**Your goal**. An exact transcription of the listing, without its images, is what the answer must contain.

**Data section**.
----------
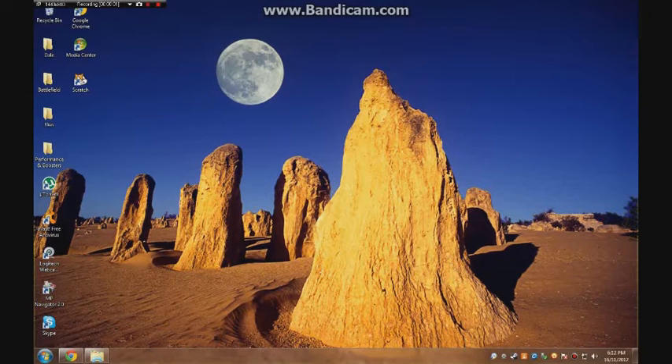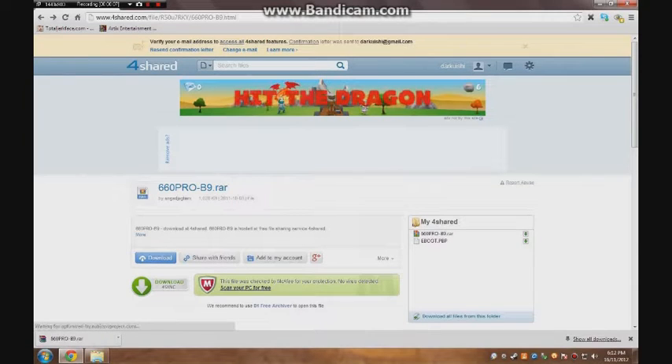Hello, this is Scooby with a tutorial on how to download and install custom firmware onto your PSP. All links and steps are in the description below.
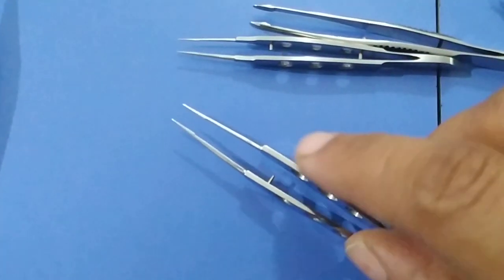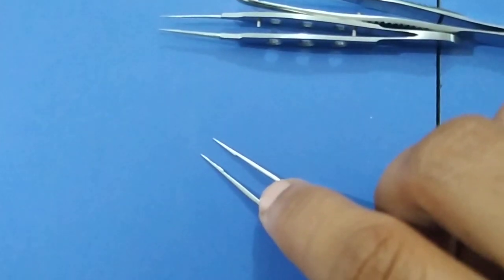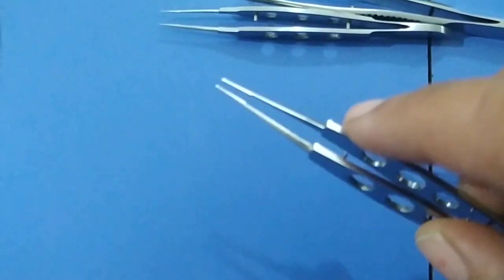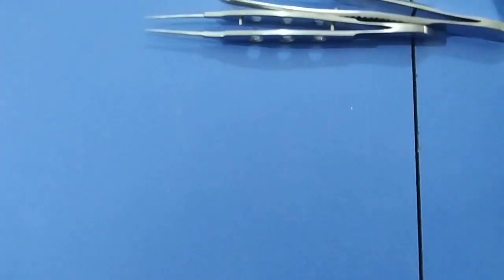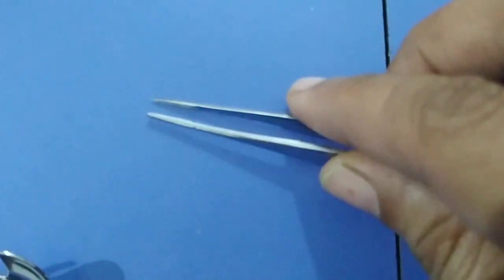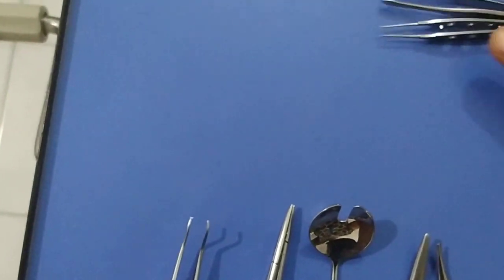This is a straight tying forceps. It is used to hold the fragile conjunctiva during any type of surgery, and it is also used to tie sutures along with the Macpherson forceps. It is also used to hold the thin scleral flap during trabeculectomy. This is a muscle holding forceps, used to hold the extraocular muscles during retinal detachment surgery.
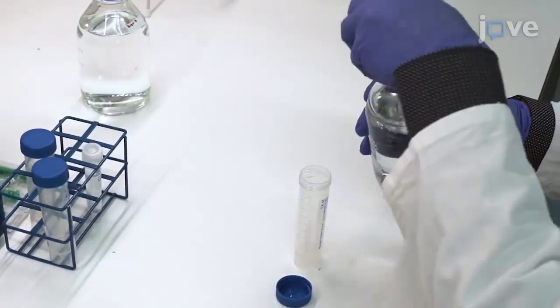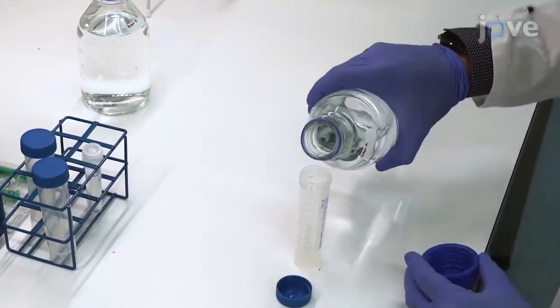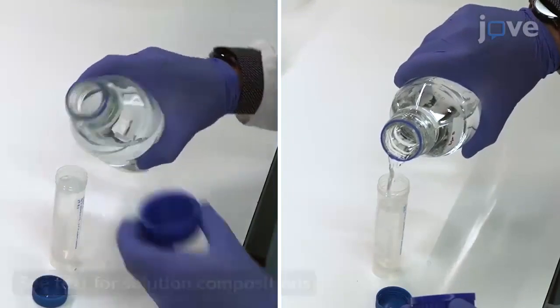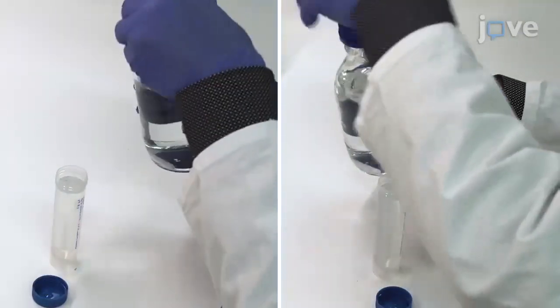For every 10 columns used for coupling, prepare 30 milliliters of deactivation solution, 30 milliliters of low pH solution, and 1 milliliter of storage solution.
----------
**Reply to the task**.
Hello, this is Scooby with a tutorial on how to download and install custom firmware onto your PSP. All links and steps are in the description below.
This is a straight tying forceps. It is used to hold the fragile conjunctiva during any type of surgery, and it is also used to tie sutures along with the Macpherson forceps. It is also used to hold the thin scleral flap during trabeculectomy. This is a muscle holding forceps, used to hold the extraocular muscles during retinal detachment surgery.
For every 10 columns used for coupling, prepare 30 milliliters of deactivation solution, 30 milliliters of low pH solution, and 1 milliliter of storage solution.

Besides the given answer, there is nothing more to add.